The point is that in bringing about these staggering changes, Peter was setting up Europe as a model for Russia, thus making it the world’s first developing country. Russia became more dynamic, its elites better educated, its military more powerful. Within a century and a half, Russia’s greatest composers, writers, and scientists would rival those of any country in the world. At the same time, however, it perpetually fell short of its geopolitical rivals in military power, commercial prowess, and technological and industrial achievement. A thin layer of Europeanized elites grew apart from the bulk of the population, who remained tied to the land and wedded to pre-modern values and culture. To finance his grandiose projects, Peter promoted industrial development but also squeezed more taxes from the peasantry, the majority of whom were serfs. The state reigned supreme, jealously guarding its power, refusing to share authority even with the educated elites. Yet many political ideas emanating from Europe in the decades following Peter’s death emphasized power sharing, checks and balances, popular participation, and social justice. Russia’s rulers tried to shut out such ideas, while the intelligentsia—critically minded intellectuals emerging in the first half of the nineteenth century—zealously embraced them. Lacking institutions or rights enabling them to influence government policy, radical intellectuals treated European doctrines of social and political change as infallible guides to political understanding and action.

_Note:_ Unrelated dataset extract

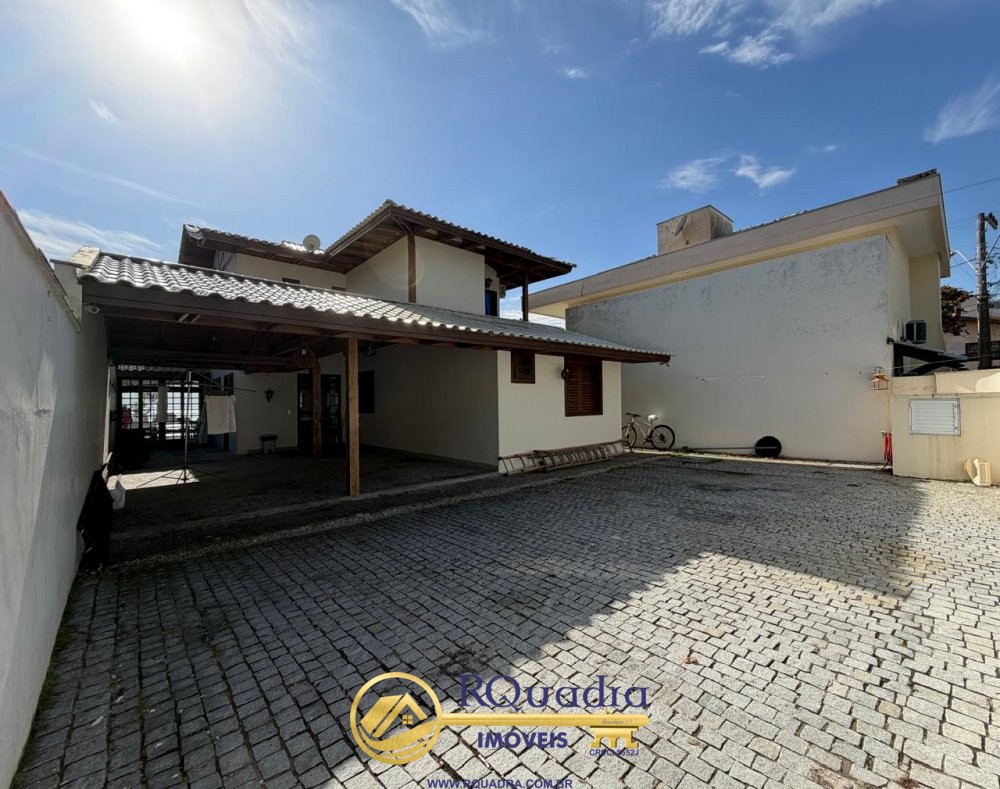 Fabulosa Casa Frente Mar 5 dormit�rios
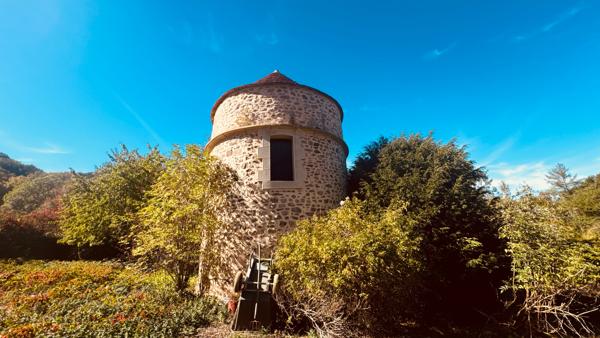 EXCLUSIVITE - AVALLON , VALLEE DU COUSIN . Propriété avec terrain de 3 ha 53 environ au prix de 267 500 €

Russia’s rulers also tried to keep up with the latest European developments. Catherine the Great (r. 1762–96) corresponded with Voltaire and borrowed ideas from the French constitutionalist Montesquieu and the English jurist Blackstone. Her grandson, Alexander I (r. 1801–25), seriously considered granting a constitution to Russia and later marched into Paris with a grand coalition against Napoleon. His grandson, Alexander II (r. 1855–81), freed over 23 million serfs and created an independent judiciary—entirely by autocratic fiat. He was, however, assassinated by revolutionary activists for whom his reforms had not gone far enough. His son, Alexander III (r. 1881–94), crushed the radical opposition and launched Russia on a career of industrialization. Levying heavy taxes and exporting grain to buy machinery and build up gold reserves helped bring about a horrific famine in 1891–92, which killed roughly four hundred thousand people (a figure that would have been far higher without the government’s extensive relief efforts). The fact that Russia suffered such a calamity in an age when famines typically struck only colonial states like Ireland and India inspired public distrust and criticism. During the rest of Alexander’s reign and that of his son, Nicholas II (r. 1894–1917), intellectual discontent festered and swelled.

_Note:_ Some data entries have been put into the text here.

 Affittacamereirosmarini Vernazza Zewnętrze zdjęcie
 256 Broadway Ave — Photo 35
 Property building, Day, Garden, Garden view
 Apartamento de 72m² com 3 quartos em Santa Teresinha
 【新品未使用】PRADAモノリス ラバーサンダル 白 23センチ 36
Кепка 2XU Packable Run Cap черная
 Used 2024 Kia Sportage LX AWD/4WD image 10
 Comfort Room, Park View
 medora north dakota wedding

Marxism enjoyed particular favor among Russia’s intelligentsia because it purported to scientifically explain social and economic development in all countries and seemed to promise a path to the highest stage of human flourishing in the face of an apparently unshakable autocratic government and without the gradual and spontaneous emergence of political, social, and economic institutions witnessed in Europe. Neither the great mass of ignorant peasants nor authoritarian administrative officials and police, according to Russian interpretations of Marxism, could stop the march of history toward capitalism, through socialism, and ultimately to communism. In this drama, industrial workers, as participants in the most advanced sectors of the economy, would play the leading role.

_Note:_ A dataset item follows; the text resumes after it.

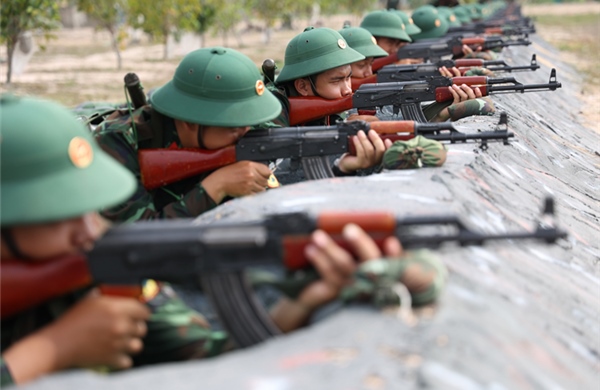 Gần 600 chiến sĩ mới Trung đoàn Gia Định dần thích nghi nếp sống quân đội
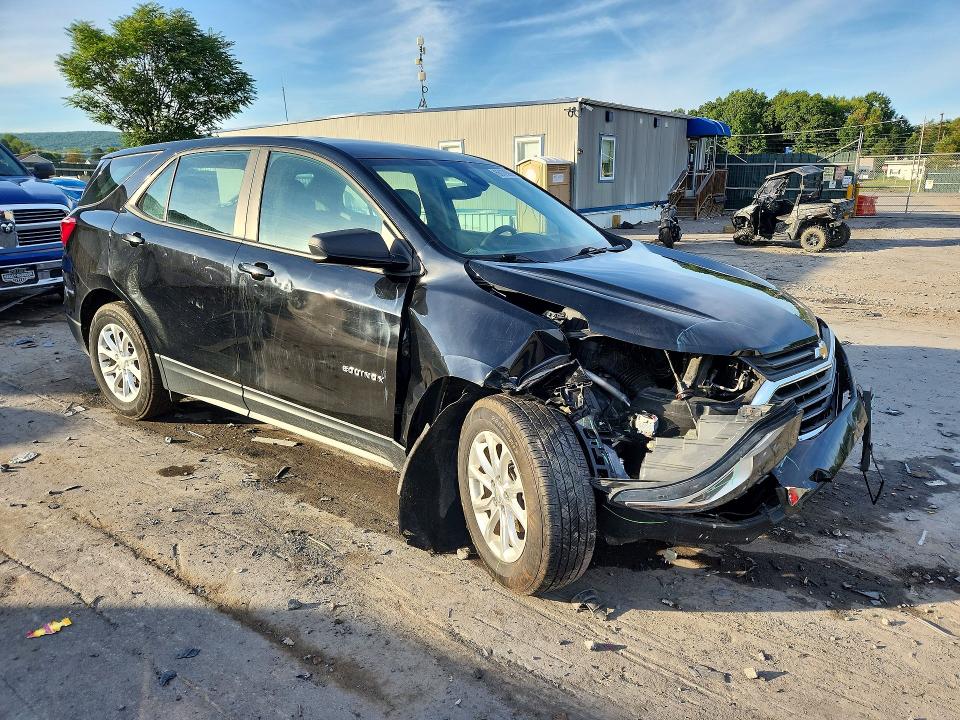 Photo 4 from auction – 2020 CHEVROLET EQUINOX with VIN 2GNAXSEV2L6234952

The two main currents of Russian Marxism divided on the question of leadership. The Russian Social Democratic Workers Party split in 1903 into Bolsheviks, who insisted on centralized party control, and Mensheviks, who were more willing to trust historical forces and the class consciousness of the workers, meaning their alleged instinctive tendency toward socialist revolution. The leaders of both factions were westernizers, staunch believers in a universal path of progress, who rejected the idea of some special Russian path. They also, as consistent Marxists, mistrusted the peasantry as “petty bourgeois.” The chief Bolshevik leader, Vladimir Ulyanov, known as Lenin (1870–1924), was by all accounts fanatical in his Marxist faith, resolutely authoritarian, ruthless, single-mindedly committed to revolution, deeply self-righteous, and absolutely confident in his political judgment.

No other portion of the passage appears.